Beyond a sharp-right bend, pass above a red-brick bungalow before reaching the next left turn, marked Yew Tree Corner. Turn up this tarred lane, which becomes a farm track, bending right outside the farmhouse boundary. At the nearby waymark post, fork left to a stile onto Garway Hill and head slightly left for the hilltop structure, a WW2 radio tracking station.
Views through 360 degrees from this ancient common-land are astonishing: 70 miles across at least seven counties on crystal clear days. Medieval field-systems corrugate the slopes, whilst wild birds and butterflies abound.
[3] At the trig point pillar, find the face with the baseplate. Facing this, go left on the grassy path to a small patch of gorse in a hundred yards. Fork left here on a path which curves gradually left (southeast), keeping ahead over a junction of paths. Head downhill just to the left of a nearby lower knoll crowned with firs and oaks and with a hollow developing on your left. This route will bring you to a dirt track opposite the gate for ‘Little Adawent’. Turn left to pass the hamlet’s notice-board here at White Rocks. The track becomes tarred and crosses a cattle-grid, before eventually turning sharp left at Keeper’s Cottage.
[4] Obey the fingerpost on the right and drop down the left-hand edge of the pasture to a stile and brook. Follow the waymarks which take you right over two stiles, then up the left edge of a field.
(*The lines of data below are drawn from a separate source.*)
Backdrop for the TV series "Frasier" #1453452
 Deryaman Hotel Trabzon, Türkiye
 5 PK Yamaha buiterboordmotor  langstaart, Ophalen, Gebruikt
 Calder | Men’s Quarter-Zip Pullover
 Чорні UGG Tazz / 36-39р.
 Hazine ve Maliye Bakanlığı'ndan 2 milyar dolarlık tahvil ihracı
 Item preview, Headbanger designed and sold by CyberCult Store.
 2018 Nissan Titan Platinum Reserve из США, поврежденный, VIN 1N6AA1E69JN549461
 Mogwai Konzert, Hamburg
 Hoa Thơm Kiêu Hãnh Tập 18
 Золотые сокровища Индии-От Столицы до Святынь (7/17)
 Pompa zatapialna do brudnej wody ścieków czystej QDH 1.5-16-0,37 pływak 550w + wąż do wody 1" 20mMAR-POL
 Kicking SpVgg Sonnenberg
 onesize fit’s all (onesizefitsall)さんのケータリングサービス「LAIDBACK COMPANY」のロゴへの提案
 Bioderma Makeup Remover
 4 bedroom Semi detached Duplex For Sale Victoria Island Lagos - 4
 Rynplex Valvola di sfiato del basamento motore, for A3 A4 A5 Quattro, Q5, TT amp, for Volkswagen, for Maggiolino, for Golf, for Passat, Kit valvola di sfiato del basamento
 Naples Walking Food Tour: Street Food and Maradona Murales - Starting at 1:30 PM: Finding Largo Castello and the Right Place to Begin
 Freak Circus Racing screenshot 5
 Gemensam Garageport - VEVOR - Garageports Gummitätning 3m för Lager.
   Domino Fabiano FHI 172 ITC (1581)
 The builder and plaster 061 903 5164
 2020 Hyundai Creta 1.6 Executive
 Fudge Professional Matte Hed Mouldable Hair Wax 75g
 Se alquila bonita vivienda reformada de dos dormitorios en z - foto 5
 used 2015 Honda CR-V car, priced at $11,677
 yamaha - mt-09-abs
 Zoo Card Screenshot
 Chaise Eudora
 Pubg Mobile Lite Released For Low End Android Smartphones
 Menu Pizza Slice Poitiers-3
Near the top corner look right for a stile a hundred yards along the hedgerow. Use this and walk ahead, hedge on your right, to the slight kink and a stile. Tackle this then head left of the diagonally-opposite corner to another stile. Climb it and keep left along the slope-top to a stile above a farmhouse, then another leading onto the driveway. Walk to the lane.
[5] Go left, then right down Church Lane and turn left in 150 yards to reach the church.
This quirky little building, with its solid detached tower, incorporates one of only half-a-dozen churches in Britain established by the Knights Templar. Some traces of this circular church (based on sepulchres in the Holy Land where the Templars fought their crusades) can be seen outside the current north wall of the nave. This little old monastic community also had a columbarium, or dovecote, which can be seen (on private land) beyond the neighbouring old Church Farm. Strangely, it’s said to have 666 nesting holes.
Use the handgate at the eastern end of the churchyard (just above the greenhouse and by the old village spring) and pass to the left of the ruinous tennis court to a stile and footbridge. Beyond it, climb the steep pasture, passing just left of an old hedge, to a stile through the hedge at the top of the bank. Climb this and turn left, use a field gate and aim right of the cottage to a lane. Turn right to return to The Garway Moon inn.